The main supported way to initialized a CacheBackedEmbeddings is from_bytes_store. This takes in the following parameters:

  • underlying_embedder: The embedder to use for embedding.
  • document_embedding_cache: The cache to use for storing document embeddings.
  • namespace: (optional, defaults to "") The namespace to use for document cache. This namespace is used to avoid collisions with other caches.
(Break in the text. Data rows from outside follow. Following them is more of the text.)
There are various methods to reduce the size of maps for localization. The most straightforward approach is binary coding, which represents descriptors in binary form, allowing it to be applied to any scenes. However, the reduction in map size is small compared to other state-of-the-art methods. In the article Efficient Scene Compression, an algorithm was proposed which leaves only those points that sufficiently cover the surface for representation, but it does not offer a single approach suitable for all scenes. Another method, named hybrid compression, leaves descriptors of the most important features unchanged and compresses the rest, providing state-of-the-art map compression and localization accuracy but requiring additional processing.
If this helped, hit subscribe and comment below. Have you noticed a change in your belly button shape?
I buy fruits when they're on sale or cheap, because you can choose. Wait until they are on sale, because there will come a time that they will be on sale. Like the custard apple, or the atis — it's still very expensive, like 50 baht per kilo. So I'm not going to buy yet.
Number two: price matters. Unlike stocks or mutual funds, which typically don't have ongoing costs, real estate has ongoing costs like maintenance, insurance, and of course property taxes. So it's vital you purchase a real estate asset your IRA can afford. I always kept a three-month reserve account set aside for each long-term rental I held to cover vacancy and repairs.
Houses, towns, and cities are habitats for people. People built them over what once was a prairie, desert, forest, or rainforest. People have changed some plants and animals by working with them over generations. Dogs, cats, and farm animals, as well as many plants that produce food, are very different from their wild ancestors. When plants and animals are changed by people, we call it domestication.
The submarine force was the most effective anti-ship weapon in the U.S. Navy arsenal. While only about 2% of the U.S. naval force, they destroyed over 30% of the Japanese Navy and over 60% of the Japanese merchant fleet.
For example, set it to the name of the embedding model used.

Attention: Be sure to set the namespace parameter to avoid collisions of the same text embedded using different embeddings models.

from langchain.embeddings import CacheBackedEmbeddings, OpenAIEmbeddings
from langchain.storage import (
InMemoryStore,
LocalFileStore,
RedisStore,
UpstashRedisStore,
)

Using with a vector store​

First, let’s see an example that uses the local file system for storing embeddings and uses FAISS vector store for retrieval.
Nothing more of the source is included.